FINRA Sanctions Firm Over Unsupervised Influencer Marketing
A firm settled FINRA charges for failing to adequately supervise influencer social media communications and maintain required records.
According to the AWC, the firm "paid 110 individuals" to promote its platform on social media, compensating them either per promotional post or for each new account opened through unique referral links supplied by the firm. FINRA said the firm provided influencers with a welcome email and a "Content Creator Kit" that included examples of "great pieces [for] content created about" the firm, along with "key talking points," such as the firm's app is "free to use and there are $0 commission fees on standard trades." FINRA found that influencer content drove significant activity for the firm, resulting in "customers open[ing] and fund[ing] more than 23,000 new accounts ... using the unique referral links."
FINRA concluded that some influencer posts were "not fair and balanced" or included "misleading or unwarranted" claims. FINRA noted that influencers promoted "commission free trades" without disclosing that other fees may apply or providing a link to the firm’s fee schedule. FINRA found that influencers also encouraged fractional share trading without disclosing that such shares "may not be transferable to another broker-dealer," and failed to clearly identify their posts as paid advertisements.

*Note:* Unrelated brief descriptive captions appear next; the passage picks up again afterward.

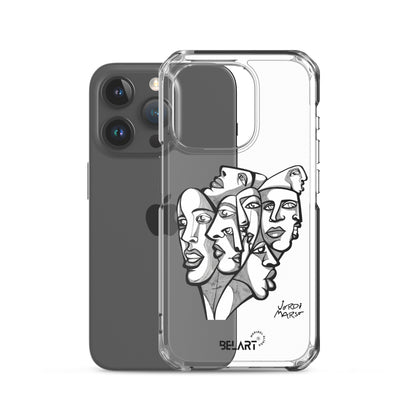 Funda transparente para iPhone® Buscando Un Camino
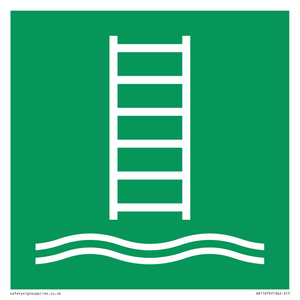 E053 safe condition embarkation ladder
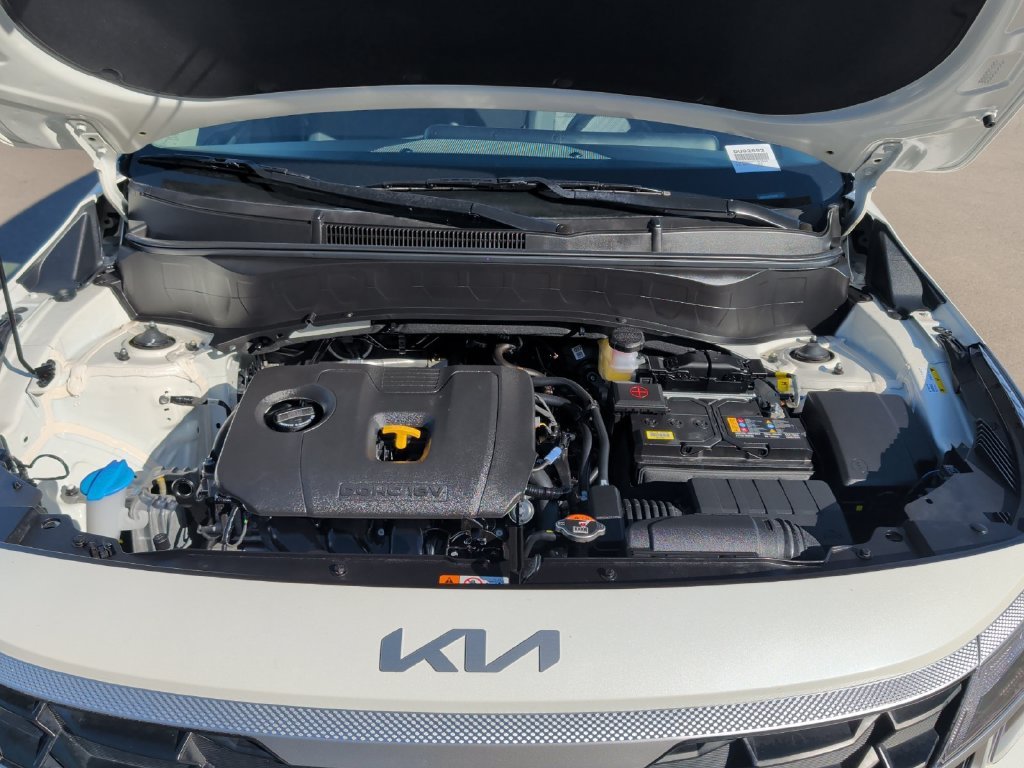 Certified Used 2026 White Kia LX image 30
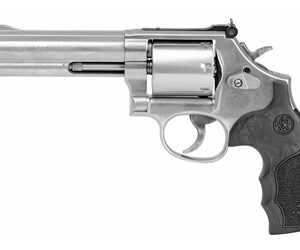 Smith & Wesson 686 Plus Deluxe 357 Magnum 5" 7rd Stainless / Wood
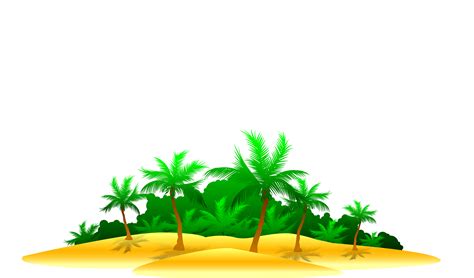 Palm Tree Png Island Png Beach Clip Art Palm Tree Clip Art Island Clip | Sexiz Pix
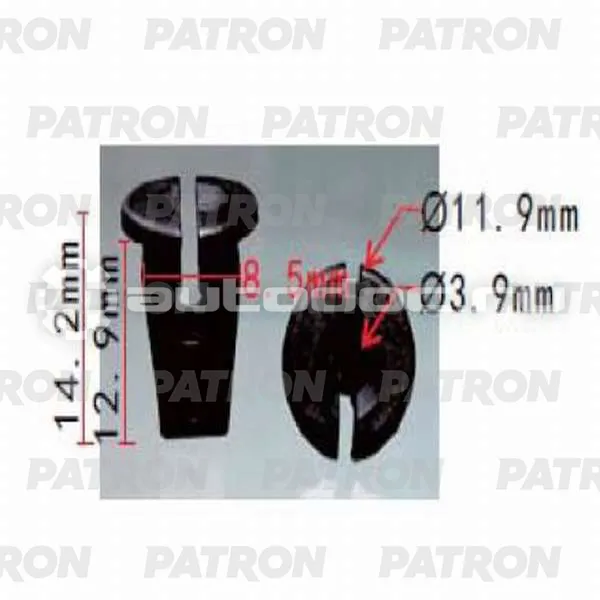 PATRON Фиксатор пластиковый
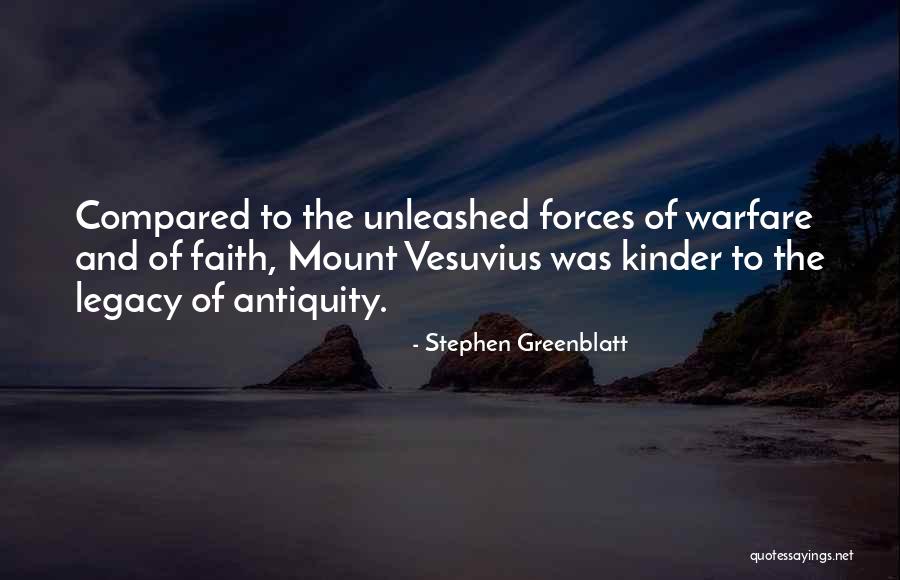 Christianity And War Quotes By Stephen Greenblatt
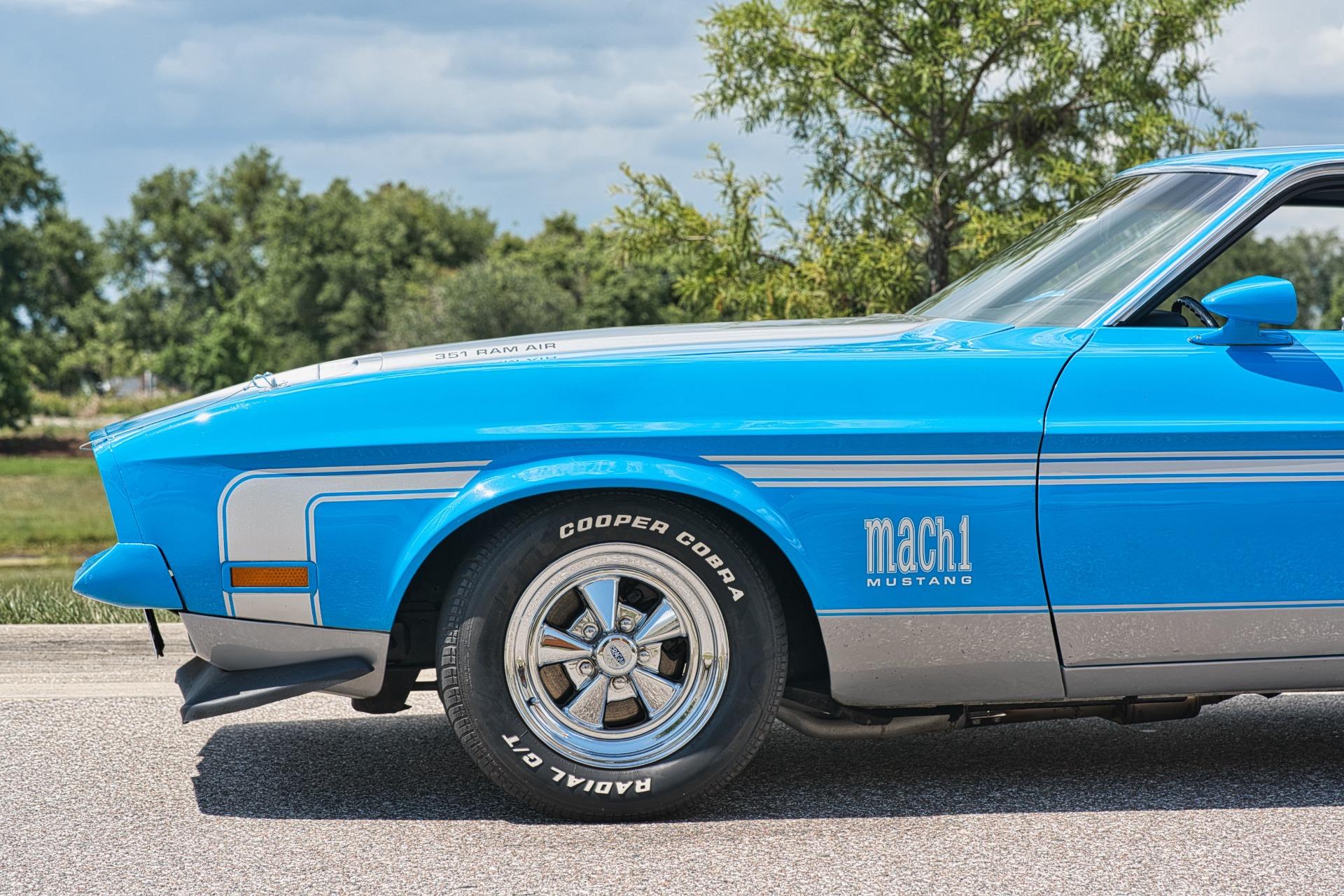 1972 Ford  Mustang 23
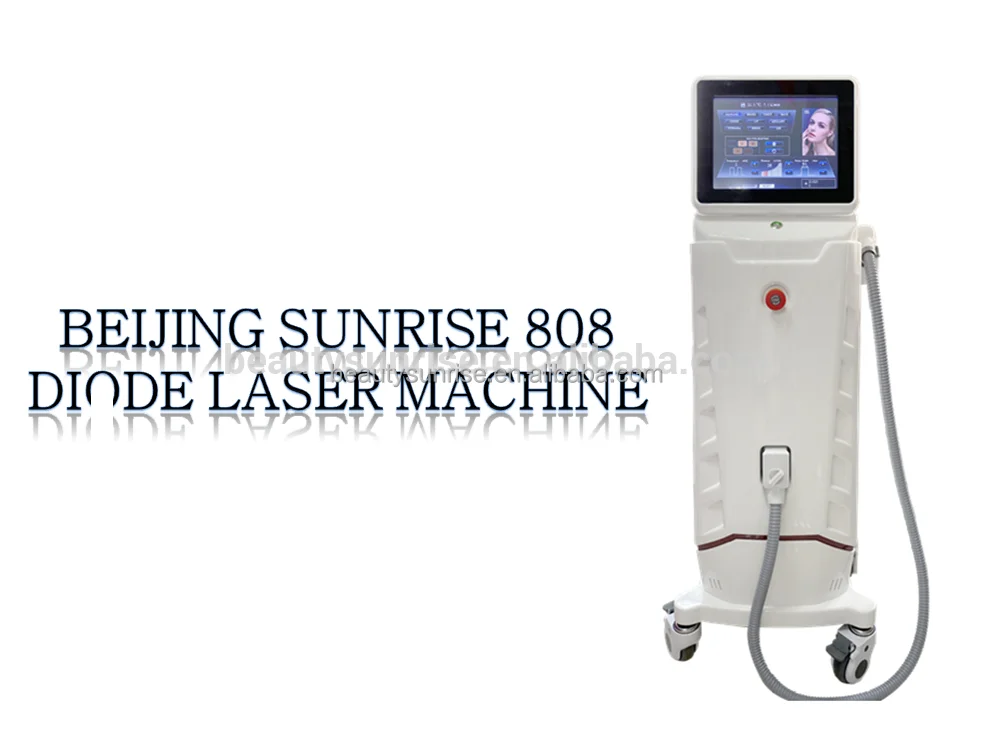 cost effective triple wavelengths 808+755+1064 epliation diode laser hair removal machine beauty machine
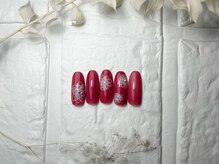 ブリスフルハピネス(Blissful happiness)/定額ネイル（simple）夏ver.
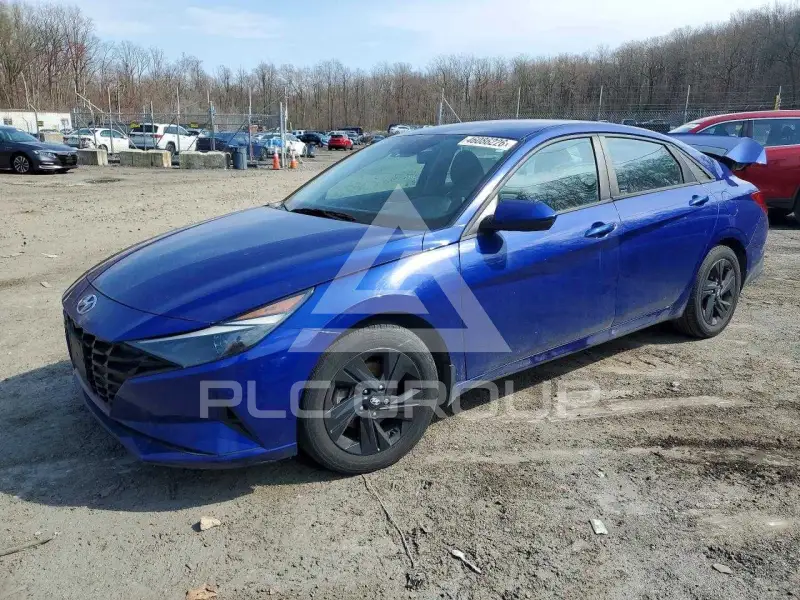 2022 Hyundai Elantra фото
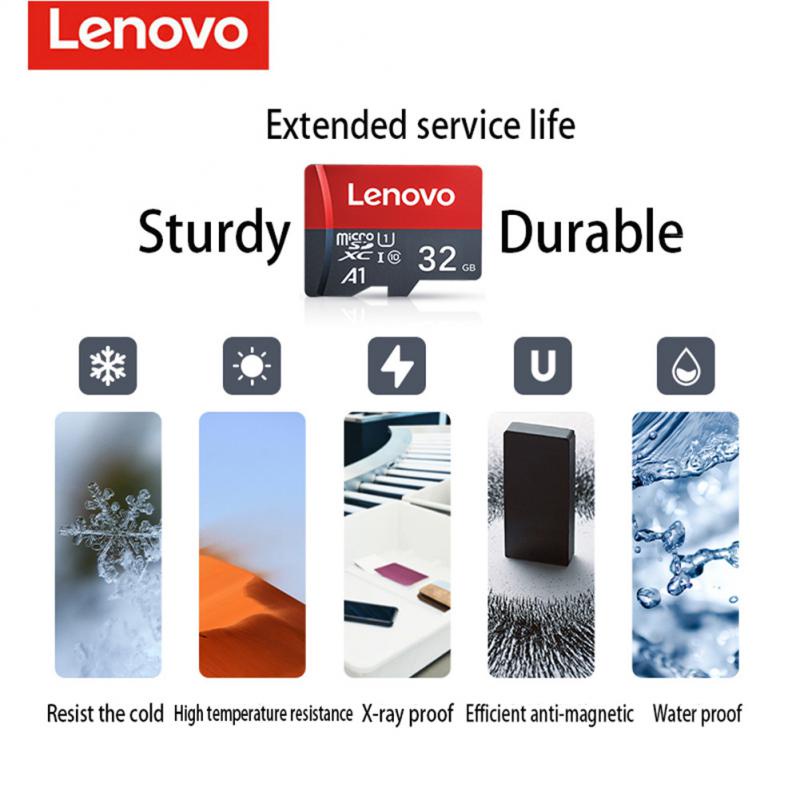 Lenovo 512GB Micro SD Card 256GB 128GB 64GB 32GB Class 10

FINRA determined that the firm failed to have a "registered principal approve" all influencer-created "static posts promoting the firm" before they were published on social media and also did not retain copies of all promotional posts or maintain records identifying the approving principal and the "date of approval."
FINRA also found that the firm failed to establish a supervisory system, including written supervisory procedures, reasonably designed "to supervise [influencer-created] retail communications." FINRA found that the firm's supervisory system was not "reasonably designed to preserve records related to the influencers’ communications."
The firm settled FINRA charges for violations of Rules 2010 ("Standards of Commercial Honor and Principles of Trade"), 2210 ("Communications with the Public"), 3110 ("Supervision") and 4511 ("General Requirements"); and Exchange Act Section 17(a) ("Records and Reports") and Rule 17a-4 ("Records to be preserved by certain exchange members, brokers and dealers").
To settle the charges, the firm agreed to (i) a censure, (ii) pay a $350,000 fine, and (iii) a written certification, from a senior management member, within 60 days confirming the firm has remediated the issues identified in the AWC and implemented an adequate supervisory system.